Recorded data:
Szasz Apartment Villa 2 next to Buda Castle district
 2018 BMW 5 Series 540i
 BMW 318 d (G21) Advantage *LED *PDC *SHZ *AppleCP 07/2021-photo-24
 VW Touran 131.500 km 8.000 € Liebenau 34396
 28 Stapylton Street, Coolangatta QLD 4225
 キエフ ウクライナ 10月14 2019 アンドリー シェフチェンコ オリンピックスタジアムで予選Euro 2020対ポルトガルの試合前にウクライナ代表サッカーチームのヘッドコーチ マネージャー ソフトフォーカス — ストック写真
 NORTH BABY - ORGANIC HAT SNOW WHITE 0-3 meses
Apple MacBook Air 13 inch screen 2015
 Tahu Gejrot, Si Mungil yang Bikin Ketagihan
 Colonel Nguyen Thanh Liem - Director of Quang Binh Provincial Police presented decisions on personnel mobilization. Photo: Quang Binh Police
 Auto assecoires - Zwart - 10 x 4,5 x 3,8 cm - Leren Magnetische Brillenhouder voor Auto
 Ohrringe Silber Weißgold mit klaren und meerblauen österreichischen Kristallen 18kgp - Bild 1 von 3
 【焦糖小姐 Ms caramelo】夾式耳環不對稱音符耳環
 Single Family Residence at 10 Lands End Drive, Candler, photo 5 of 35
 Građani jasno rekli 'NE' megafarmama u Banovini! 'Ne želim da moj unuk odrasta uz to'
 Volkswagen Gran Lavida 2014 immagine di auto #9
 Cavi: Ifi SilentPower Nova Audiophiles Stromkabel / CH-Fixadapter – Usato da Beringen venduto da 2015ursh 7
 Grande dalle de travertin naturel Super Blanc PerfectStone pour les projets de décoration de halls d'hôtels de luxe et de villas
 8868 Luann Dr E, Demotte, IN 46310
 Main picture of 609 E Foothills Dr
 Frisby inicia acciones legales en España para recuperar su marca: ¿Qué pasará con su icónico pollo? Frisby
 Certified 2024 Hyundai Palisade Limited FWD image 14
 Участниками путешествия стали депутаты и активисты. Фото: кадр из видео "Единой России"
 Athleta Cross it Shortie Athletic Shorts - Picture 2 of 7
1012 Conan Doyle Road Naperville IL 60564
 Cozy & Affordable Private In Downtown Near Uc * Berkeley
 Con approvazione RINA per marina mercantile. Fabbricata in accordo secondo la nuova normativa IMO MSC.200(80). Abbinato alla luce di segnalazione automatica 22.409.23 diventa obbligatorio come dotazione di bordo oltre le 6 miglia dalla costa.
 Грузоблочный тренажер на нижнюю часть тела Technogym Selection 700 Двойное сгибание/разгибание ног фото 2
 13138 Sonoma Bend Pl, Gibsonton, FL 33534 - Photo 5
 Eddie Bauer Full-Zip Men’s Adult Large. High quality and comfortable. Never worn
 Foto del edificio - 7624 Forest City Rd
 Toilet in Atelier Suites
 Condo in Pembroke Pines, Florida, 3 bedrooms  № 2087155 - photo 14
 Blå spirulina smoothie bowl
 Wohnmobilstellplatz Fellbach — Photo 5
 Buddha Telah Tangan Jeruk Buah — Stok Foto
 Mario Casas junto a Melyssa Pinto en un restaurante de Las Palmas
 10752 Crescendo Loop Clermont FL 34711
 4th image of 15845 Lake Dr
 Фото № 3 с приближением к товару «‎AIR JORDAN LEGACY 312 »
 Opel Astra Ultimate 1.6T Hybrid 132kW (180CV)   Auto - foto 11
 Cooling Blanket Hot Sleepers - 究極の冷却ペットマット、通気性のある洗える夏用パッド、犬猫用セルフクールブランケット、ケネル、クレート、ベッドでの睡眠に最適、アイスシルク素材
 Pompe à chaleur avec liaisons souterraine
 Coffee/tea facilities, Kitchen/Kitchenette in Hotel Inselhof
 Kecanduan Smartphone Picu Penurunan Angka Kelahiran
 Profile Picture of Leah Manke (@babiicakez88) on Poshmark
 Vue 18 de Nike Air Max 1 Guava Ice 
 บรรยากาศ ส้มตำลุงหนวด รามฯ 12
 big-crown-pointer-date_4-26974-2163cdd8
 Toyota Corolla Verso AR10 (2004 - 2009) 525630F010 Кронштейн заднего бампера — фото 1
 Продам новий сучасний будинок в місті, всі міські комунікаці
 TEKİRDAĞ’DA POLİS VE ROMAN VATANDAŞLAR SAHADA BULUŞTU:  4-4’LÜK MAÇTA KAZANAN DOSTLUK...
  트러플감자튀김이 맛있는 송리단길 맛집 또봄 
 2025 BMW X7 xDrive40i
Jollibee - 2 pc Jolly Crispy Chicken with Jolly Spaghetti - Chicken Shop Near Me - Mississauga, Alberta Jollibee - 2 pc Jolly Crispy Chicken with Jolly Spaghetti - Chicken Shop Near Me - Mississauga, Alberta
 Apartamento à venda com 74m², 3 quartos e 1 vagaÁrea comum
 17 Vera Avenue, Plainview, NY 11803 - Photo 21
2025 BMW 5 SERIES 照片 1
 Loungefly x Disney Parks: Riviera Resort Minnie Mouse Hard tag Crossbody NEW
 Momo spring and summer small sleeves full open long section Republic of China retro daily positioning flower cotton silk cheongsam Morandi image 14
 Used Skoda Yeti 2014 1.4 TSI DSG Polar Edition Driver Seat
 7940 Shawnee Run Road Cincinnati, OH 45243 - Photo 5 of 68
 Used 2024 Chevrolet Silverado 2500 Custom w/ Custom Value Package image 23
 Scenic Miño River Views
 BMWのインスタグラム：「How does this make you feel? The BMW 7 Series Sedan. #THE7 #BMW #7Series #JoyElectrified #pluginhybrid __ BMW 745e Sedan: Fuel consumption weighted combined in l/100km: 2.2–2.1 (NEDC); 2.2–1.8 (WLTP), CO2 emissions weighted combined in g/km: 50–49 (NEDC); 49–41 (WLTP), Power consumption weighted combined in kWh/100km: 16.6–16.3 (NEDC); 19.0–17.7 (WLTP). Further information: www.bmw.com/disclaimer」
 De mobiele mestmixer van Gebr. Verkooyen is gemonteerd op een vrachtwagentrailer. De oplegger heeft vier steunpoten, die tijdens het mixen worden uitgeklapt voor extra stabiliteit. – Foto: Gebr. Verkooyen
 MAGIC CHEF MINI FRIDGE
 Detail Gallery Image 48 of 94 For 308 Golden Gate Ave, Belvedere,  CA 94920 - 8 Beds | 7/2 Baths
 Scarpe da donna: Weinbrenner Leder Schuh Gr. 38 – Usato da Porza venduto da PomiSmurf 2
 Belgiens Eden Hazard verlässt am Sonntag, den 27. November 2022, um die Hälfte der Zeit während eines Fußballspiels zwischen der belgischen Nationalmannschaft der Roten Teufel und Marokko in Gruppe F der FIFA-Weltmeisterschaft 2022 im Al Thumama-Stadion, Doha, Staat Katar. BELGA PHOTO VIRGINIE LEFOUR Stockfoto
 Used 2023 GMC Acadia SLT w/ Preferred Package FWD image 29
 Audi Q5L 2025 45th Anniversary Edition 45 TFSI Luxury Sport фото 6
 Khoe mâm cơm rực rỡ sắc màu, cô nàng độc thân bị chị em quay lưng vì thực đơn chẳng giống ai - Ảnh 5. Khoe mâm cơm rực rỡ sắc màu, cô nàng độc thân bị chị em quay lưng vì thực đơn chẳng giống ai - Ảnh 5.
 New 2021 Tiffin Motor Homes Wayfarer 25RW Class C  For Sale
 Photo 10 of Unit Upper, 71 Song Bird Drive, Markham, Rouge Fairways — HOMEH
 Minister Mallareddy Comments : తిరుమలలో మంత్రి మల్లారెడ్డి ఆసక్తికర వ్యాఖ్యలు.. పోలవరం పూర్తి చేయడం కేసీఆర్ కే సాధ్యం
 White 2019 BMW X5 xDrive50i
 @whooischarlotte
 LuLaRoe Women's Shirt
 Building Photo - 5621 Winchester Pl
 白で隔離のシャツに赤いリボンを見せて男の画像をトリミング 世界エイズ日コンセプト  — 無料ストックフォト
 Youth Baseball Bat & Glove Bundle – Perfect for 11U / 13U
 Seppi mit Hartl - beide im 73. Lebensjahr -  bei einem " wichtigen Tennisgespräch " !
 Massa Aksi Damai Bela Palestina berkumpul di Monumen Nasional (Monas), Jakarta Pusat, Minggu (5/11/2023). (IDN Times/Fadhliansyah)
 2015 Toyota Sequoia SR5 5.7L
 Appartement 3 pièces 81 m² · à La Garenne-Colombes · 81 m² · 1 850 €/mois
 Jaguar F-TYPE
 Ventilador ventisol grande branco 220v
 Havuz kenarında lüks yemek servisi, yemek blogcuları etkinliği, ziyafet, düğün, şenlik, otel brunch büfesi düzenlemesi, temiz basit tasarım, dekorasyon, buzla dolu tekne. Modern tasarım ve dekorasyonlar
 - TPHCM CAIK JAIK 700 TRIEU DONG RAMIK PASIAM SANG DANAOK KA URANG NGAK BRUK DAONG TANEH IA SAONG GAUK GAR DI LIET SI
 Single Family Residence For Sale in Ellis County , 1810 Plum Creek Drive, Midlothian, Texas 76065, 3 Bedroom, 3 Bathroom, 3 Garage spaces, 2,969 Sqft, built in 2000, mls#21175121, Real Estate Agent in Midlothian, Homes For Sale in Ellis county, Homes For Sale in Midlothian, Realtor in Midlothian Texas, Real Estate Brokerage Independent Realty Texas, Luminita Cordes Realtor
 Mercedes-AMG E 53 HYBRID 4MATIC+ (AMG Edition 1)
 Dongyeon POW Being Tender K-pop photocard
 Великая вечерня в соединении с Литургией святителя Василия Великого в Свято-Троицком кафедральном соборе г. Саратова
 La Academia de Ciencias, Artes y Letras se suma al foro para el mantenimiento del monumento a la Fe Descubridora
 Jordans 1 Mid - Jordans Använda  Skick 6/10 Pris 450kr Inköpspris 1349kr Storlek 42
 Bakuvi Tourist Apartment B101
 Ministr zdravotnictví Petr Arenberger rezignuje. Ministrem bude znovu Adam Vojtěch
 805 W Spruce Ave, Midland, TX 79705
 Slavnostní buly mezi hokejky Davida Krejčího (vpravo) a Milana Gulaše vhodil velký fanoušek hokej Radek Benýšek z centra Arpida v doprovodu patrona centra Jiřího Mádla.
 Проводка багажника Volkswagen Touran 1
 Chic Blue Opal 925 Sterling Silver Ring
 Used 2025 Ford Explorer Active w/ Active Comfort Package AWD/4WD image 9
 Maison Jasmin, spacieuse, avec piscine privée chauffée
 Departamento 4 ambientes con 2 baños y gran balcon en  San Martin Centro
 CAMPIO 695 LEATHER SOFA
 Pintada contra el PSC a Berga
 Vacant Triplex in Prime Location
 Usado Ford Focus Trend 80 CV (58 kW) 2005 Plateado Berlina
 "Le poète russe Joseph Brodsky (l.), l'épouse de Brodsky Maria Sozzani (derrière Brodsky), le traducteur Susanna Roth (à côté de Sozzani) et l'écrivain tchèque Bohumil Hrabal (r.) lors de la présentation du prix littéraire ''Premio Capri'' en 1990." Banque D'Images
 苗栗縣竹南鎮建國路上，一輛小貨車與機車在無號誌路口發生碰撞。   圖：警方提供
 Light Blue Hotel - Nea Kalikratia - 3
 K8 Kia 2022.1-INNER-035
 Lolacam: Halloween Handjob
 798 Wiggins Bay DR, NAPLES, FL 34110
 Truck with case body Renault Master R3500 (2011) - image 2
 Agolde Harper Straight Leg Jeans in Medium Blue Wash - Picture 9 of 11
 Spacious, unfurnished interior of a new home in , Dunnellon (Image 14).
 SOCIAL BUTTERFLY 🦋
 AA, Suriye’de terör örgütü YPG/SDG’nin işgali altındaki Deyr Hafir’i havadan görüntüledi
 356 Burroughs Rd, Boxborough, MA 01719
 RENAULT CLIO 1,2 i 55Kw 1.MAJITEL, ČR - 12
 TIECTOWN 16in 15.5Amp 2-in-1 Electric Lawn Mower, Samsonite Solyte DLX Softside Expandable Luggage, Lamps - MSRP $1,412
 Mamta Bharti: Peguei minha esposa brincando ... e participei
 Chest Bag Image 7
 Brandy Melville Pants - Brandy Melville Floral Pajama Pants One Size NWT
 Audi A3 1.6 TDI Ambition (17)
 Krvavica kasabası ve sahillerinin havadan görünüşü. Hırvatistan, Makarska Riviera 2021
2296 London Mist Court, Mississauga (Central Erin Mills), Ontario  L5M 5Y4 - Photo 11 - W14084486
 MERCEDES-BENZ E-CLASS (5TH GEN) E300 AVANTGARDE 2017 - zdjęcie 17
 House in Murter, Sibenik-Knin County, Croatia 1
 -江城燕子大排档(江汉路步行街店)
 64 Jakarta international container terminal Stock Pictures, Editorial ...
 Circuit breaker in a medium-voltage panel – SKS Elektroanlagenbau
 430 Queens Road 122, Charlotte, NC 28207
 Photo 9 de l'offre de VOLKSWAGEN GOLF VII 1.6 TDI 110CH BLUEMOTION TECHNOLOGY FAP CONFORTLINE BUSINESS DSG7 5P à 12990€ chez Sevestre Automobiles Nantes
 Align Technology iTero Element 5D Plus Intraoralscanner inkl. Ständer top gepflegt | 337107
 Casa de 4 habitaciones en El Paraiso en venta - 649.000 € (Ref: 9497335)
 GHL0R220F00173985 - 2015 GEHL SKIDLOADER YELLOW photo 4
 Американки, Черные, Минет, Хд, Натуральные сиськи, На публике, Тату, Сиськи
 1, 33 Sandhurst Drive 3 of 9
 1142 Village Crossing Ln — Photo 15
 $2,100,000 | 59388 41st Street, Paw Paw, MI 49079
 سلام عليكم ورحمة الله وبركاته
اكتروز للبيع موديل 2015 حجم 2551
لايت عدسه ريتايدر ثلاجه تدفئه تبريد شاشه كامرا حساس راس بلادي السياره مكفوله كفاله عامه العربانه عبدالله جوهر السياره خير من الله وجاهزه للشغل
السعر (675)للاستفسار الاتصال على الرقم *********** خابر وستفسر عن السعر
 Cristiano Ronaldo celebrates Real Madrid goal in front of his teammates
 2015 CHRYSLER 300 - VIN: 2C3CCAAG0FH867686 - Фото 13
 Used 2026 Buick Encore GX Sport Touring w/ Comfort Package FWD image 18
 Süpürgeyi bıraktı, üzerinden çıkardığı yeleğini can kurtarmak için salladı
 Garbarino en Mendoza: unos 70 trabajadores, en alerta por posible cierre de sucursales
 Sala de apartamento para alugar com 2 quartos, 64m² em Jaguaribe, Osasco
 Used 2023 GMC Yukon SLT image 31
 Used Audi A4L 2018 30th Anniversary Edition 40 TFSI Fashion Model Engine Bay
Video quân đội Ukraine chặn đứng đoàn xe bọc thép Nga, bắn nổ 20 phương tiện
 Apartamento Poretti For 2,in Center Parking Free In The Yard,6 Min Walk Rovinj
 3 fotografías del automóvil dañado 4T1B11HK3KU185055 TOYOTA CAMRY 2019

Your instructions: The line containing "Con approvazione RINA" marks the end. Please print exactly every line from the top of the data to it, both included, and nothing more.

Solution to this problem:
Szasz Apartment Villa 2 next to Buda Castle district
 2018 BMW 5 Series 540i
 BMW 318 d (G21) Advantage *LED *PDC *SHZ *AppleCP 07/2021-photo-24
 VW Touran 131.500 km 8.000 € Liebenau 34396
 28 Stapylton Street, Coolangatta QLD 4225
 キエフ ウクライナ 10月14 2019 アンドリー シェフチェンコ オリンピックスタジアムで予選Euro 2020対ポルトガルの試合前にウクライナ代表サッカーチームのヘッドコーチ マネージャー ソフトフォーカス — ストック写真
 NORTH BABY - ORGANIC HAT SNOW WHITE 0-3 meses
Apple MacBook Air 13 inch screen 2015
 Tahu Gejrot, Si Mungil yang Bikin Ketagihan
 Colonel Nguyen Thanh Liem - Director of Quang Binh Provincial Police presented decisions on personnel mobilization. Photo: Quang Binh Police
 Auto assecoires - Zwart - 10 x 4,5 x 3,8 cm - Leren Magnetische Brillenhouder voor Auto
 Ohrringe Silber Weißgold mit klaren und meerblauen österreichischen Kristallen 18kgp - Bild 1 von 3
 【焦糖小姐 Ms caramelo】夾式耳環不對稱音符耳環
 Single Family Residence at 10 Lands End Drive, Candler, photo 5 of 35
 Građani jasno rekli 'NE' megafarmama u Banovini! 'Ne želim da moj unuk odrasta uz to'
 Volkswagen Gran Lavida 2014 immagine di auto #9
 Cavi: Ifi SilentPower Nova Audiophiles Stromkabel / CH-Fixadapter – Usato da Beringen venduto da 2015ursh 7
 Grande dalle de travertin naturel Super Blanc PerfectStone pour les projets de décoration de halls d'hôtels de luxe et de villas
 8868 Luann Dr E, Demotte, IN 46310
 Main picture of 609 E Foothills Dr
 Frisby inicia acciones legales en España para recuperar su marca: ¿Qué pasará con su icónico pollo? Frisby
 Certified 2024 Hyundai Palisade Limited FWD image 14
 Участниками путешествия стали депутаты и активисты. Фото: кадр из видео "Единой России"
 Athleta Cross it Shortie Athletic Shorts - Picture 2 of 7
1012 Conan Doyle Road Naperville IL 60564
 Cozy & Affordable Private In Downtown Near Uc * Berkeley
 Con approvazione RINA per marina mercantile. Fabbricata in accordo secondo la nuova normativa IMO MSC.200(80). Abbinato alla luce di segnalazione automatica 22.409.23 diventa obbligatorio come dotazione di bordo oltre le 6 miglia dalla costa.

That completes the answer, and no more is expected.